Did you know that identity theft often occurs when you are obtaining your Government Free Annual Credit Report?  Therefore, you must protect yourself before you become another victim of America’s fastest rising crime.

So How Is Identity Stolen With The “Free Credit Report” Scam?

1. “Phishing” is the name of one of the primary scams. It has become increasingly popular. It happens when you receive emails requesting your contact and social security number from individuals pretending they are a legitimate company. For instance, your bank will never request your social security number or private information so that they can verify your account or check your credit.

2. Another popular way is to go to a website advertising a “Free Credit Report.” It asks you for your name and social security number which you happily provide. Well guess what….. If it is a fake website, you have just had your identity stolen.

In either case, you may actually even receive a copy of your credit report, because they forward your information to a real website which in turn sends you a free copy of your report. In reality, the identity thieves have started your nightmare and you don’t even know it. This is a very good reason of why you should NEVER put your personal information into a form from an email.

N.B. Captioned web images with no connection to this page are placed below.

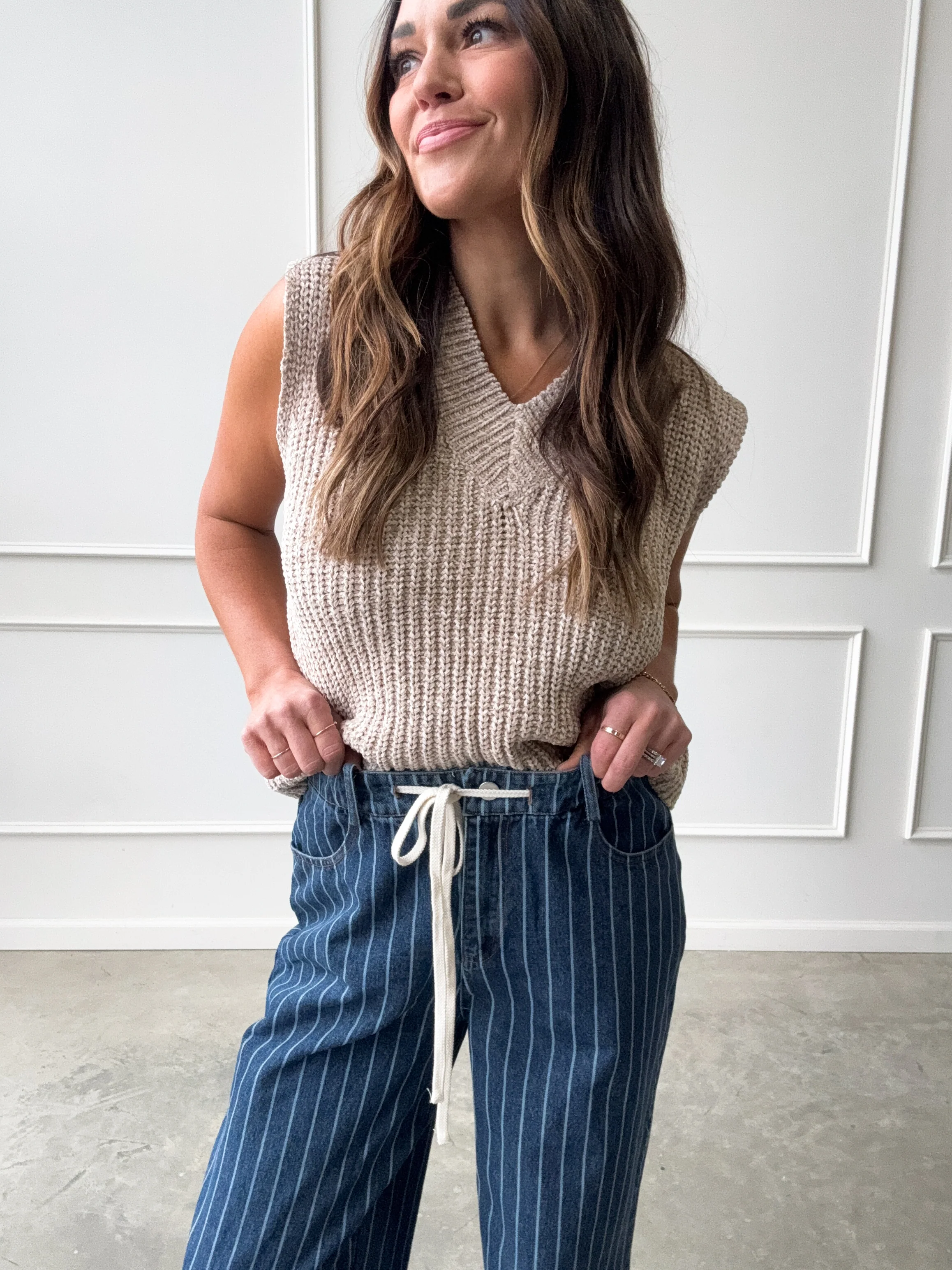 Drawstring Striped Straight Denim - Image 3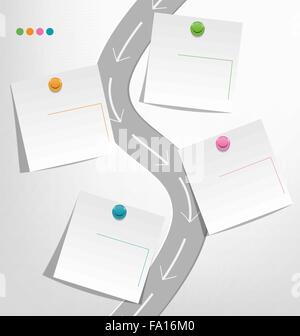 Infographic elements paper note with pins on gray Stock Vector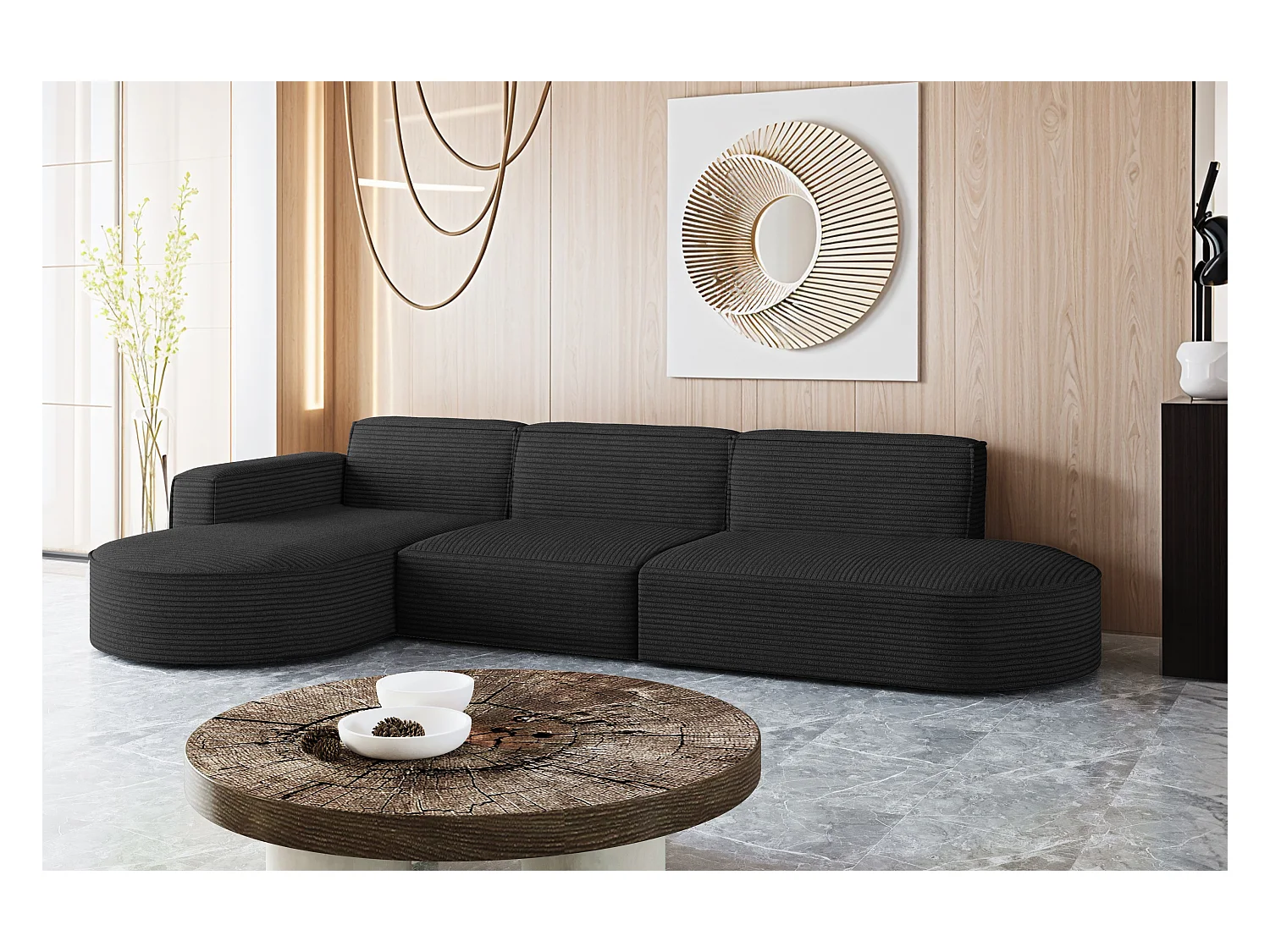 Canapé d'angle Modena en L, tissu Poso, noir, gauche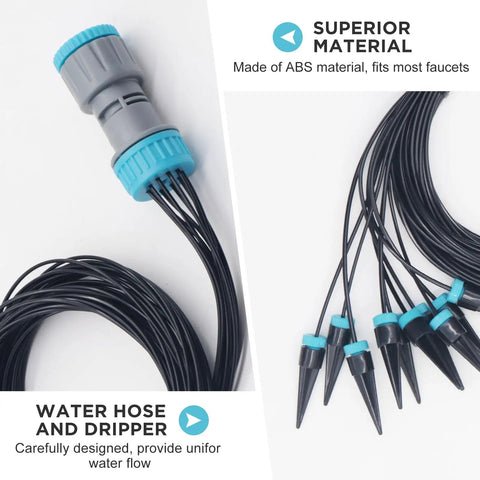 Automatic Drip Irrigation Kit With 10 Drip Emitters And 52 Foot Tubing for Garden Watering system showing emitters and tubing.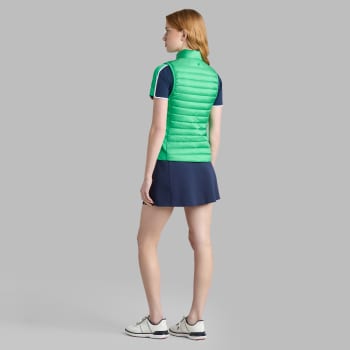 Alternative image of V-DOWN QUILTED STRETCH TECH INTERLOCK GILET in Clover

If it is a link from an email, don’t share your info either.

Here are some obvious signs of Internet Identity Theft

• Statements and bills are coming late or not at all to your home
• Collection agencies or creditors will contact you about accounts you do not have or charges you have not made.
• There are transfers or withdrawals that have not been made by you on your financial account statements
• You have been denied credit or are being offered unfavorable credit terms (i.e. a high interest rate with no underlying explanation)
• You are getting letters or calls from businesses or debt collectors about products or services that you did not purchase.

Identity Theft: How bad is it?

In the past year, 7 million people became identity theft victims. The average loss to an American is thirty hours of their time and over $500 in financial losses.
In the last year, total personal losses have been over five billion (with a “b”) dollars.
On average, one out of every seventy-nine shopping sprees is one involving stolen identity.

What you should do if you become the victim of Identity Theft:

1. First, alert the fraud department of the three agencies which monitor credit. Tell them you are a victim of identity theft and ask them to put an alert on your credit information. (Unfortunately, you may be required to pay for this service.)
2. In addition, get your credit report from these three large credit bureaus Experian, Equifax and TransUnion and closely scrutinize your credit reports looking for credit cards you did not order, inquiries you did not make and other suspicious activities.
3. Next report your case, including all the details to your local police department.
4. To report identity theft to the central department of the American government for fraud protection, call the toll-free hotline at 1-877-IDTHEFT.
5. Close all accounts on the credit reports that you believe were opened fraudulently utilizing your name.
6. If your bank or checking accounts, or even your ATM card, have been compromised then shut those accounts down as soon as possible.
7. Your local postal inspector should be alerted, as they undoubtedly have used your personal address info, this address needs to be immediately terminated and you should create a new postal box.
8. Contact the Social Security Administration to make sure that your name and earnings are all correct.